A growing new website is now available that enables both scholars and the public to access photos and information about the natural history of South Carolina.
The site, begun by the University of South Carolina's McKissick Museum with a grant, contains the collections of three (for the time being) historic South Carolina naturalists. Information and photos of specimens, initially of plants, but also other natural specimens. The "Southern Naturalists' Project" will allow researchers to find information on thousands of natural specimens in one place, rather than searching between collections and departments and institutions spread statewide, said McKissick Curator of Collections Christian Cicimurri. At present, only about one percent of McKissick's extensive natural history collection is on display.
"Our goal is to take extremely high-quality, high-resolution images so that lay people, or even scientific researchers, can zoom in so that what they're looking at online is sometimes better than what you can see on the actual specimen."
An example is a 19th century seashell collection than is planned to be added to the site.
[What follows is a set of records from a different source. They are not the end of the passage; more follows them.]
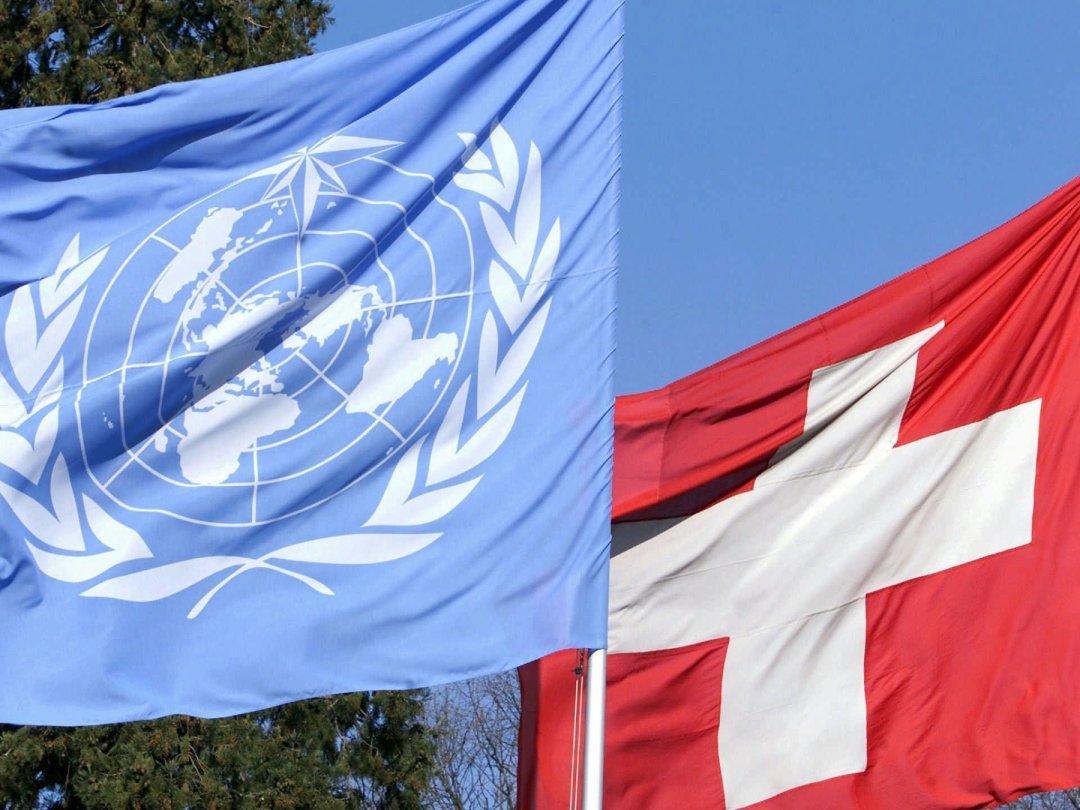 Les drapeaux des Nations Unies et de la Confédération helvétique flottant à Genève.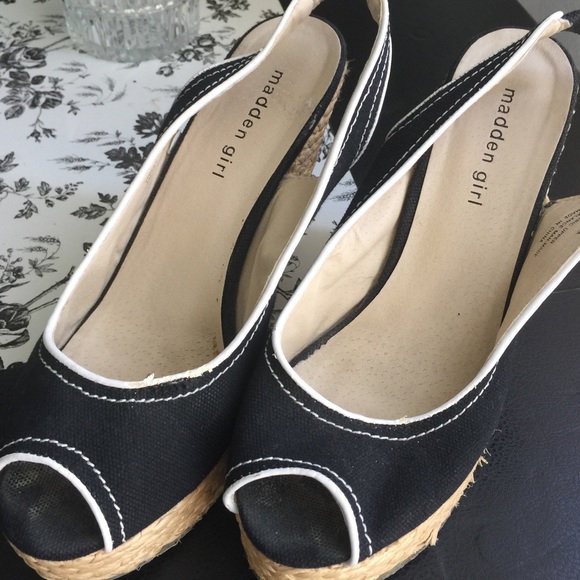 Madden Girl Wedges - Picture 1 of 2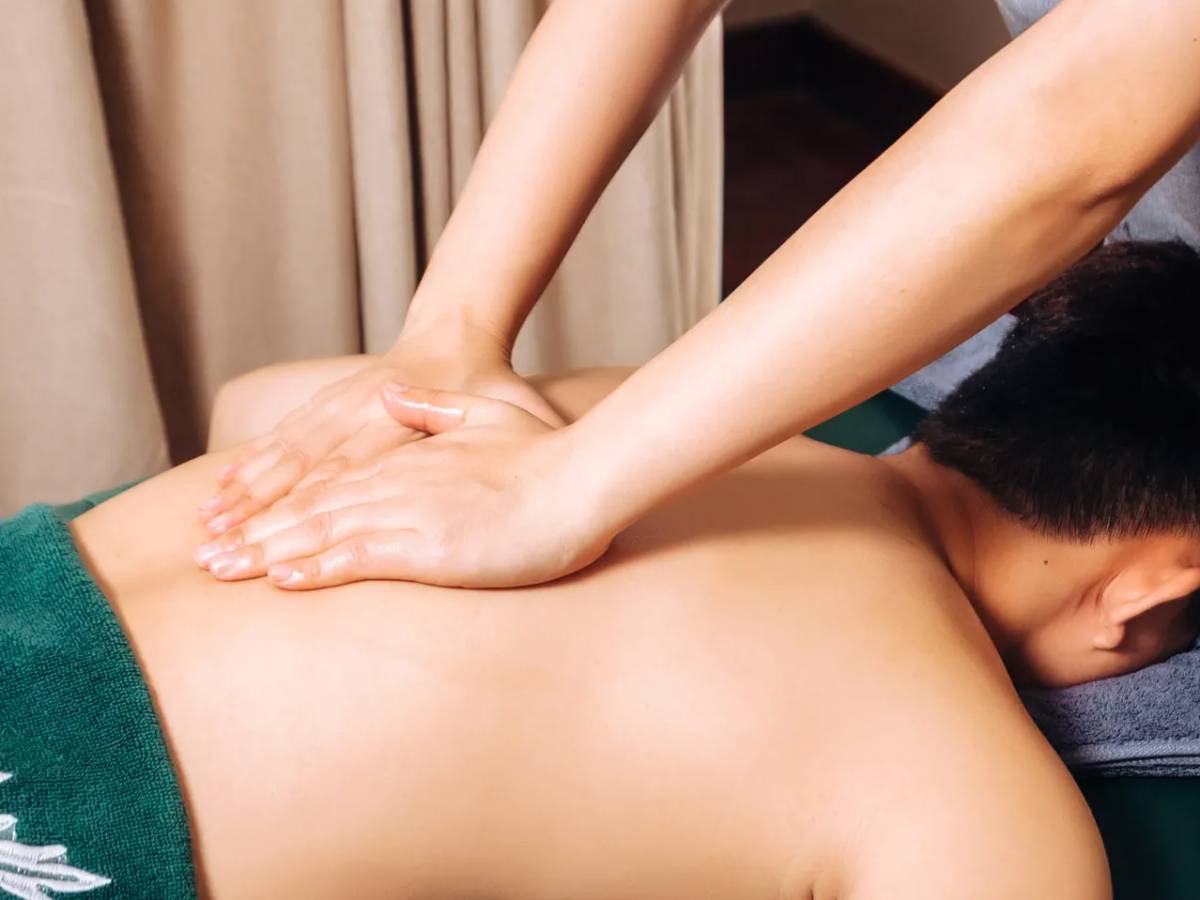 Ghế massage có thay thế được massage tay truyền thống không?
Many of the shells are very small, but with high magnification, the beautiful details of these objects can be observed and enjoyed.
McKissick is working with the Charleston Museum to put its artifacts related to the three naturalists - Thomas Cooper, Louis Reeves Gibbs and Andrew Charles Moore - online, as well. Matthew Gibson of the Charleston Museum said another advantage of the website is that it will be able to display artifacts too delicate to be included in a museum exhibit, so the public will be able to access objects that otherwise might never be seen.
After the plant and seashell collections are digitized, Cicimurri said McKissick will add collections of meteorites, fossils, moths and butterflies. The online collections also will include not only natural specimens but artifacts related to the naturalists themselves, such as Thomas Cooper's cane, silver spoon and inkwell.
Cicimurri said because McKissick will continue to add collections and specimens, and perhaps collections of other museums in the future, the site could keep growing indefinitely, adding more and more to the state's - and world's - wealth of knowledge.